But if this was accurate, customers would not be so unsure about whether offshore outsourcing has delivered value. Numerous surveys indicate that anywhere from 17 percent to 53 percent of customers have not realized business value/return on investment from offshore outsourcing. Yes, yes, statistics can prove just about anything, but whatever the number, there are customers who have not realized tangible business value from offshore outsourcing. And this article is for you folks.
When quantifying the business value of offshore outsourcing, customers must consider three important aspects that are often ignored: the appropriate comparisons, the hidden costs and the distinction between theory and reality.
While building the business case for offshore outsourcing, the most common comparison is between onshore and offshore, apparently in answer to the question "if we had to do the project in any other way apart from offshore, how much would that cost?"
Many assumptions end up wrongly overestimating the onshore cost. Most common is using the same headcount number in both cases. When a project is done onshore, fewer people are required because of reduced activity level in areas like knowledge capture, knowledge transfer, project co-ordination and environment support. Then there is the productivity factor.
"Sath" Sathyanarayan, author of Offshore Development and Technical Support: Proven Strategies and Tactics for Success, says that even if offshore personnel are as competent as the local staff—which is your best case scenario and unlikely to be the case when you are getting started—there will a productivity loss because of systemic issues.

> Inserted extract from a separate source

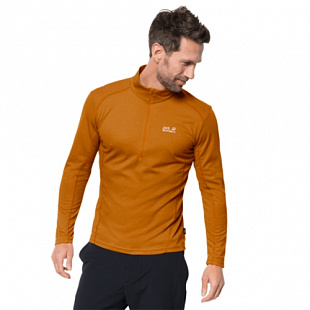 Пуловер мужский Jack Wolfskin Sky Range Halfzip M rusty orange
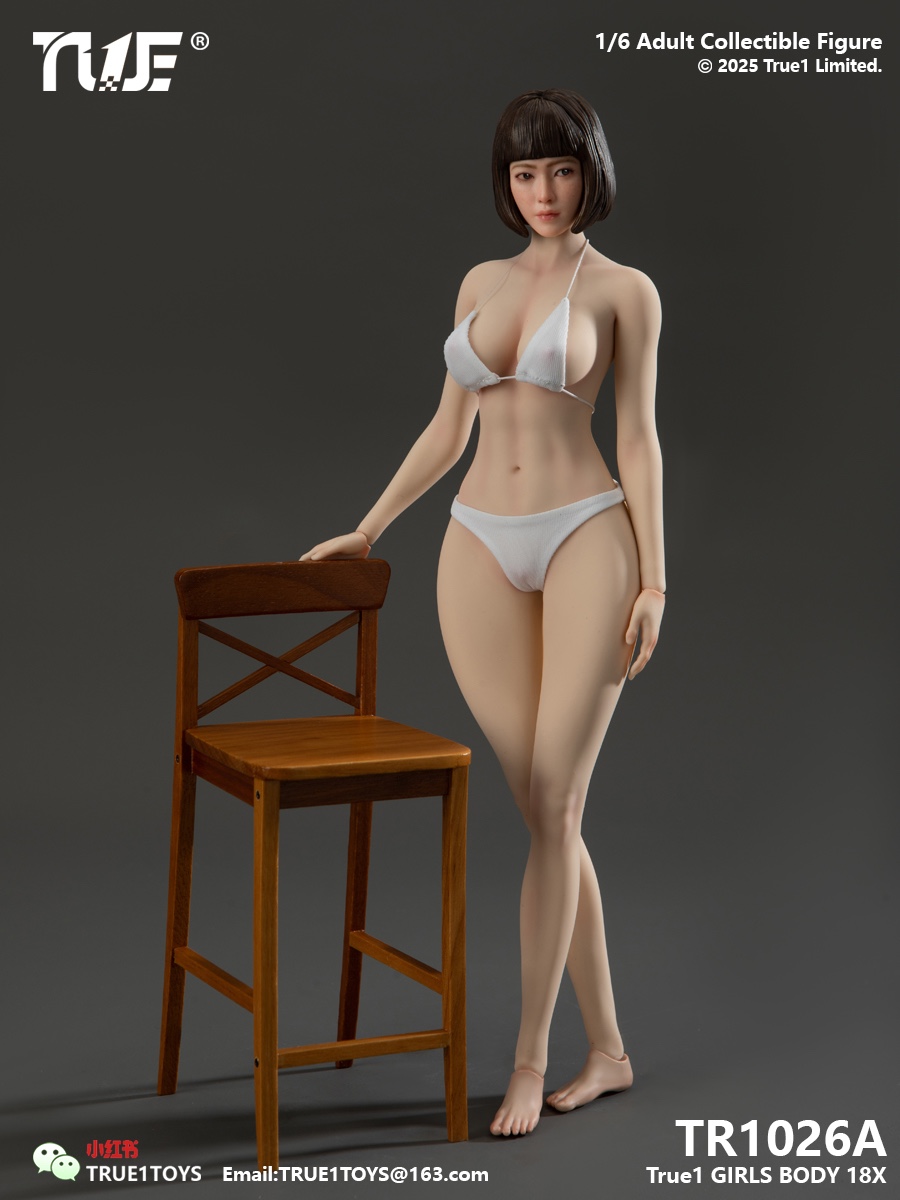 True1Toys TR1026A 1/6 Platinum Silicone Seamless Figure Body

Also, the assumption that all the onshore work will be done by newly hired internal employees may not be the right one to make; customers almost always leverage contractors and existing employees. For the former, use the relevant contractor rates that are likely to get negotiated and the appropriate loading factor (you don't pay pensions, holiday allowances etc. to them). For the latter, consider if they can be treated differently: it could be a sunk cost for a period of time or a partially apportioned cost. Finally, internal employee costs are excessively padded by something called "an overloading factor"—to account for pensions, holidays, desk space, corporate overheads and so on. A figure of anywhere from 20 percent to 50 percent is normally used—choose the figure that reflects reality, and take into account that you can't recover any of those costs anyway.